May 29, 1966 – The Chicago Tribune reports that the first steel has been erected above ground for the 120 South Riverside Plaza office building that is being constructed over the air rights of the railroad tracks of Union Station just west of the South Branch of the Chicago River. The steel, produced at the South Works of United States Steel and fabricated at the Gary plant of the American Bridge division of U. S. Steel, is part of 9,100 tons of steel that will be needed to complete the 22-story structure, a duplicate of the building at 10 South Riverside Plaza. Tishman Realty and Construction Company has plans for a total of four buildings in the area that will be called Gateway Center, a project that will cost an estimated 100 million dollars.

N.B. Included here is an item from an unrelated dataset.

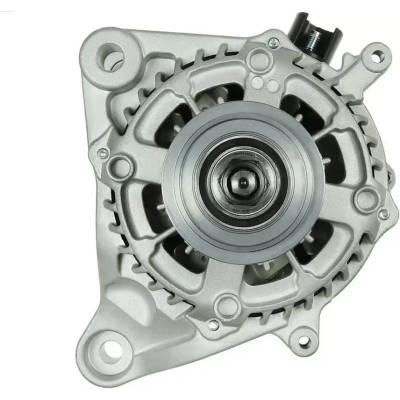AS-PL Alternátor APL A6504S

May 29, 1906 – A fire breaks out in Armour Elevator “D,” located on a slip on the west side of the Chicago River at approximately Twenty-Second Street and Morgan, smoldering undetected until it blows out the north and south ends of the elevator and lights the night sky enough to be seen from Ravenswood to South Chicago. Sixty-two fire engines, some of them from as far north as Lakeview, and three fireboats are called to fight the fire in a massive structure containing a million bushels of wheat, corn and oats. The first firemen on the scene have to haul their equipment down a bank to the slip to get close enough to the fire. There are no nearby fire hydrants, so all of the water has either to be pulled from the slip or else come from fireboats. The massive Commonwealth Electric company plant northwest of the elevator is repeatedly ignited by burning embers, so the fire department’s efforts are devoted chiefly to saving it as well as lumber yards that lie to the west. Acting Fire Chief McDonough states, “It was impossible to save the elevators, and all the efforts of the department were directed to saving the millions of dollars’ worth of property in the vicinity. The recent rains soaked the lumber in the adjacent yards and probably did considerable toward stopping the spread of the flames.” [Chicago Daily Tribune, May 30, 1906] The photo above shows the elevator as it appeared before the fire, which must have been a spectacular conflagration.